I bambini di tutte le razze giocano nell’acqua felici, non li rivedo mai gli anni dopo, speriamo solo che abbiano cambiato spiaggia.


Tutto in una notte estate

pallonciniStasera vorrei passare una serata tranquilla. Domani stare in spiaggia tutto il giorno: lettino, bibita, libro. Come quelle vere sciure de Milan. Pare che sia bello, speriamo. Ultimamente i metereologi sembrano ubriachi. E sembra di essere in Scozia. Senza i castelli. Almeno bagna il giardino.

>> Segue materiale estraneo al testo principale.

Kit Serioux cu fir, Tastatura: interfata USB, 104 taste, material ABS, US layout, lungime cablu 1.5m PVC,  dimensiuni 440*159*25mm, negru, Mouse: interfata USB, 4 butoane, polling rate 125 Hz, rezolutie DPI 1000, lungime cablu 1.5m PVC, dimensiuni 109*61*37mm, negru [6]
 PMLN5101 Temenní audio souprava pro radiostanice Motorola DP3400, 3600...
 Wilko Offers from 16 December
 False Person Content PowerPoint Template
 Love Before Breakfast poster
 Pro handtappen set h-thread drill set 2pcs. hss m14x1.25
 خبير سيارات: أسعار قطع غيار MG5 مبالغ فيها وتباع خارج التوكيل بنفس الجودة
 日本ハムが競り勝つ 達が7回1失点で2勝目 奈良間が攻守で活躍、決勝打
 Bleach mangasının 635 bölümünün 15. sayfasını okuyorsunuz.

In paese c’è un concerto swing all’Osteria prendo la macchina e vado, sarebbe un peccato perderlo. Il gruppo che suona è ingaggiato da due locali quindi invece che girarsi o da uno o dall’altro, suona nel mezzo. Verso una porta di ferro chiusa. Mah. Dall’altro locale, quello che non ha partecipato parte una musica tunz a manetta. Tutti si lamentano, “Incivili”, gridano. Sincera, a me piace di più la musica tunz. Un pensiero mi attraversa. Mi viene da piangere. Decido d far due passi. Il paese di mare è al suo climax, ballerini di tango si esibiscono in ogni dove. Mi viene sempre più da piangere. Non ho mai saputo ballare il tango, sarei più portata per la polka, per la mazurka. Una volta in questo paese c’era la festa dell’Unità sul molo e ballavano quei balli lì. E io guardavo sognante le coppie che avevano atteso per tutto l’inverno che arrivasse la festa dell’Unità. Si erano esercitati ogni giorno con dedizione proprio come nelle loro relazioni fatte di serate a casa, di film in prima visione alla tv, di racconti quotidiani. Ci avevano messo dell’impegno ed erano migliorati.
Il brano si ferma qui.